In advance of Jeremy Hunt stepping up to the dispatch box though, a few policies had, as ever, already made their way into the public domain, creating a buzz of anticipation, with the current political landscape adding an intriguing layer to the fiscal narrative.
The Prime Minister’s recent proclamation that it is “time to cut taxes,” was in stark contrast to the government’s “tax cuts are not on the immediate agenda” position of the past few years. Indeed, recent budgets have seen tax allowances frozen rather than reduced. With a general election probable next year and the tendency of incumbent governments to wield tax reductions as a political tool however, this change in heart perhaps comes as no surprise. This political need whilst still shackled to the ghost of last autumn’s hastily reversed, unfunded and market-crashing tax cuts, no doubt created interesting debate behind closed Treasury doors.
Opening with the usual run-down of the Office for Budget Responsibility (OBR)’s forecasts for economic growth, the Chancellor triumphantly took (likely undue) credit for the halving of CPI inflation from its 11% peak last Autumn. News that the government’s targets for debt and borrowing are on course to be met ahead of target was neatly foreshadowed by Tuesday’s data from HMRC, showing significantly higher receipts from various taxes compared to recent years.
As the “fiscal drag” effect of maintaining tax allowances against increasing incomes takes hold, the stage was set for Mr. Hunt to unveil the presaged tax decreases. While National Insurance (more on that later) dominated this week’s headlines, the intense focus on tax breaks for businesses was somewhat unexpected. The wide-ranging measures covering capital allowance expensing, foreign investment, and the continuation of business rates relief and support, to name but a few, should be generally welcomed, as will a significant inflation-linked increase in the national living wage.
From a financial planning perspective there is very little on which to report, other than the anticipated cut in the rate of NI contributions, which took the form of a subtle tweak rather than a sweeping reform. To confirm, the main rate of Class 1 NI contributions for employees, payable on annual income between £12,570 and £50,270, is due to be cut from 12% to 10%, with effect from 6th January 2024. This could represent an annual saving of up to £754 for someone with earnings at the top end of that band.
The self-employed will have to wait until the new tax year on 6th April 2024 to benefit from a reduction in their Class 4 NI contributions, with the main rate being decreased by 1% to 8%. Additionally, the fixed rate Class 2 contributions are to be scrapped altogether, while maintaining the entitlement to contributory benefits, such as state pension. These adjustments appear to align with the 2% reduction offered to employed individuals.
The government’s steadfast refusal to label NI contributions has, in effect, allowed them to neatly dodge past commitments not to cut taxes, while simultaneously targeting the “average worker,” though it is worth noting once more that the highest earners (those earning £50,720 and over – well above the c.£32,000 national average wage) are the ones who stand to benefit the most. Interestingly, these NI reforms won’t benefit retired individuals with non-earned income, potentially a significant group of Conservative voters.

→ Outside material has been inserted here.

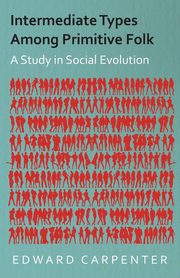 Intermediate Types Among Primitive Folk - A Study in Social Evolution, Carpenter Edward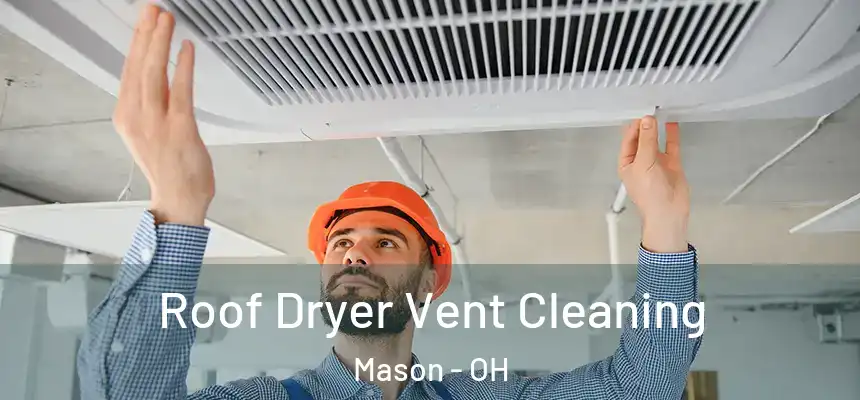 Roof Dryer Vent Cleaning Mason - OH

Reviewing the usual personal finance topics, it is a case of business as usual, with no changes to any of the main tax rates or allowances, including the NI thresholds, other than those previously announced. As expected, annual contributions limits for ISAs, Junior ISAs and Lifetime ISAs all remain the same, and speculation regarding potential changes to inheritance tax (IHT) proved unfounded.

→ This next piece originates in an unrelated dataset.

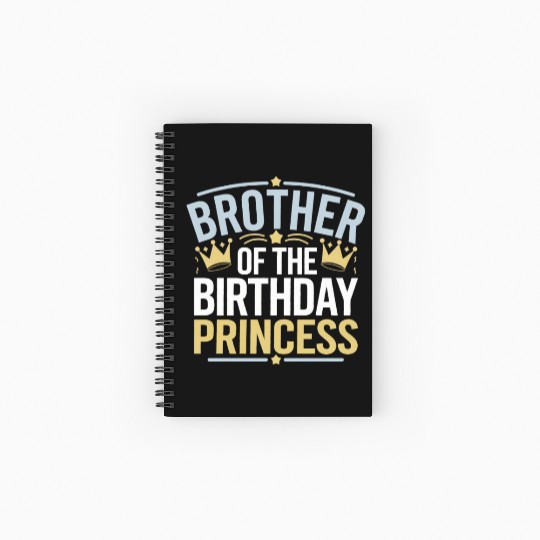 Brother of the Birthday Princess Crown Spiral Notebooks   Ruled Line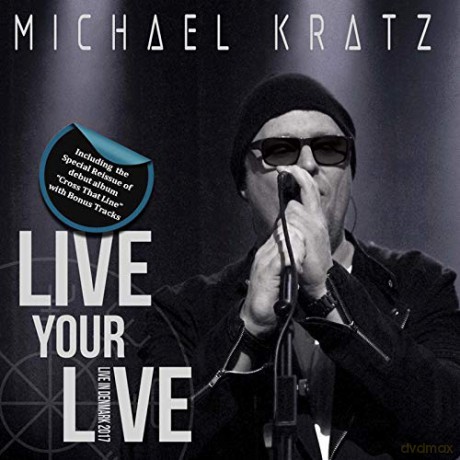 Michael Kratz: Live Your Live (+ Cross That Line Reissue) [3CD]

A closer reading of the details contained in the “green book” reveals a few intriguing points relating to ISAs. From April 2024 the rules will allow multiple subscriptions into the same type of ISA (e.g., stocks and shares ISA), providing flexibility for investors wishing to use different providers or investment strategies. Removal of the need to reapply for an existing ISA each year will also help to simplify the process for investors who add to their accounts intermittently.
Following the reforms announced in March’s budget there was no specific mention of pension regulations, other than a continued commitment to remove the lifetime allowance as part of the upcoming Autumn Finance Bill 2023.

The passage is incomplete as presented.